Most of these behaviors relate to sexual matters. For our generation, it was clear that we shouldn’t ask about sexual ambiguities and questions, nor was it necessary for parents to talk about them. It was better for such secrets to remain hidden, only to be understood eventually through accident and experience.
Times have changed. The boundaries of decency, modesty, shame, and caution have shifted. Children have surpassed us in sexual knowledge to the point where they can answer our questions and clear our doubts!
And we, the adults, are still caught up in catching the kids, keeping them from deviating, reminding them not to cross the red lines, and still keeping everything hidden behind the curtain.
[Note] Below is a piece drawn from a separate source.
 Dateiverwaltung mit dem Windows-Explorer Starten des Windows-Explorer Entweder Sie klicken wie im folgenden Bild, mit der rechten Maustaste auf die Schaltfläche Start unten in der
The internet has disrupted all our educational equations. The curtains have fallen, the red lines have faded, censors and unspeakables have become public, and the lever of secrecy, which was always in the hands of parents, has lost its effectiveness. The internet has easily done what we didn’t want to or couldn’t do.
We can still curse the internet’s misguidance, talk about the necessity of limitation, present analyses of “what was and what has become”, make declarations and condemnations, but does it help?
I don’t mean to say all the impacts and changes of the internet are positive, but we must accept that the internet is changing the concepts of life, culture, and education, and we are still running behind it, only cursing!